> _MATERIAL TO PROCESS_
------------------------------------------------

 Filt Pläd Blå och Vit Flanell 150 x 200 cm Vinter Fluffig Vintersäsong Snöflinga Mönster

------------------------------------------------

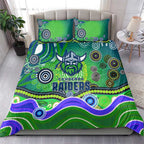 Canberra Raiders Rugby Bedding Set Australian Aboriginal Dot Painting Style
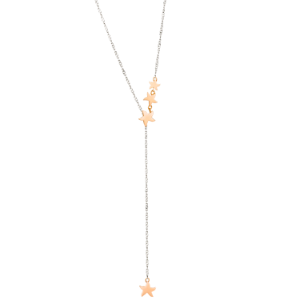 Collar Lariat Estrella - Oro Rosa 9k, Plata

------------------------------------------------

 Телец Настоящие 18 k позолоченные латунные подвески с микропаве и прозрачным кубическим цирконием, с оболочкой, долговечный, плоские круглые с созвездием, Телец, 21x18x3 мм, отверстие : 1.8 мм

------------------------------------------------

> _EXERCISE REQUIREMENTS_
Reproduce the entries exactly, from the line with "Canberra Raiders Rugby" to the line with "Collar Lariat Estrella - Oro Rosa 9k, Plata", both lines included, keeping no pictures.

> _ANSWER BOX_
 Canberra Raiders Rugby Bedding Set Australian Aboriginal Dot Painting Style
 Collar Lariat Estrella - Oro Rosa 9k, Plata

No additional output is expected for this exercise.